IL PIZZINO di Urgo: Un po' di spirito del Nord

La sconfitta di Monza dovrebbe essere di insegnamento per il futuro del Napoli

il pizzino di urgo un po di spirito del nord
Napoli.  

La curiosità per il Napoli che partiva alla volta della ricca provincia monzese era tutta nella versione in cui ci sarebbe apparso. Sarebbe stato quello impacciato e asmatico delle partite casalinghe contro Verona e Salernitana e della prima frazione di Udine - ma quello era "prima" che si entrasse nella storia - oppure quello interlocutorio e un (bel) po' narcisistico e borioso del primo tempo contro la Fiorentina? Chi dei tanti attori non protagonisti - anche loro conquistano l'Oscar - si sarebbe messo in mostra?

Di certo Bartosz Bereszynski, per ammissione pubblica preventiva dello stesso Spalletti, l'enigmatico polacco di proprietà della ex Sampdoria (temo si possa ormai dire così), che aveva fatto una sola comparsa, peraltro ampiamente ingloriosa, nell'uscita degli azzurri dalla Coppa Italia contro la Cremonese. Forse uno dei pochi veri errori del (già compianto) Giuntoli e del suo staff quest'anno (un altro è stata la collocazione infruttuosa di un talento come Gaetano). Altro non era dato sapere, ma ulteriori novità di formazione sarebbero di certo seguite. Si andava, così, a misurare la forza raggiunta nel calcio dal capoluogo brianzolo, accudito dalle prodighe e sagge mani del duo infallibile Berlusconi-Galliani, e governato in campo e fuori con sorprendente passione sportiva e inattesa (alzi la mano chi se lo aspettava) sagacia tattica da quel Raffaele Paladino da Mugnano di Napoli, giovane, elegante, bello e (ora) pure bravo, ex calciatore di buon livello tecnico ma non di grande animus pugnandi, e pure (tra l'altro) ex juventino.
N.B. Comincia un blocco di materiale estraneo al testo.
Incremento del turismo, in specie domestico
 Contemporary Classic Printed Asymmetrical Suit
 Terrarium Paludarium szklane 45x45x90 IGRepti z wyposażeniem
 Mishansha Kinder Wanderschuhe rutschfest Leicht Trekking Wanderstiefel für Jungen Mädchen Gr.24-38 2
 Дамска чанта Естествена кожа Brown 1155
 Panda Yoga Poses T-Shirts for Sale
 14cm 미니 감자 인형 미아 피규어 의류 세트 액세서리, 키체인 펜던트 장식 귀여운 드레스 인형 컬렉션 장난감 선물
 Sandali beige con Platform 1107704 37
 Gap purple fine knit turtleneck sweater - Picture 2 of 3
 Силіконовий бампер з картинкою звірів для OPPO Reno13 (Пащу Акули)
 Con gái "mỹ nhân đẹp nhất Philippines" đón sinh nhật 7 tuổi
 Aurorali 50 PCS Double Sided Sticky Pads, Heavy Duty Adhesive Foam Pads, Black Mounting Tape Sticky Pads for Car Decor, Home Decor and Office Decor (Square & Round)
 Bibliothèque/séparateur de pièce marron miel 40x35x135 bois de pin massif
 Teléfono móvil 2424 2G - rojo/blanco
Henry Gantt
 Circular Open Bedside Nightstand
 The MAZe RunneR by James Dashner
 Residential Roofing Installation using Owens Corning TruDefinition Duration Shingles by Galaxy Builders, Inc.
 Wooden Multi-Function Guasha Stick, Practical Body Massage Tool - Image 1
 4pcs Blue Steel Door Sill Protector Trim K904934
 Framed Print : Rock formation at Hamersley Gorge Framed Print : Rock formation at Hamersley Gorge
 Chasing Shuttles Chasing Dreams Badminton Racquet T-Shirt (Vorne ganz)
Una formazione quella monzese che tra innesti invernali, astuti e fruttuosi, accorgimenti tattici direttamente operati sul manto erboso e forti spinte motivazionali - non mi si citi la becera battuta attribuita al mitico Silvio sul pullman delle signorine allegre quale premio di una delle tante vittorie - era giunta largamente in anticipo al rintocco finale della salvezza, peraltro (a mia conoscenza) senza essere accompagnata da stucchevoli caroselli di auto per rivalità inesistenti. Si vince e si perde solo per sé stessi e con sé stessi, e quello che ne consegue è niente di più che una tappa del viaggio, per quanto bella e storica, non la sua destinazione finale. Per quella c'è sempre tempo. Il giorno dopo si volta pagina e si ricomincia, con pari lena e voluttà. Ecco, questo vorrei per il mio Napoli di domani, un po' di quello spirito laborioso e ordinario del Nord che duri per sempre.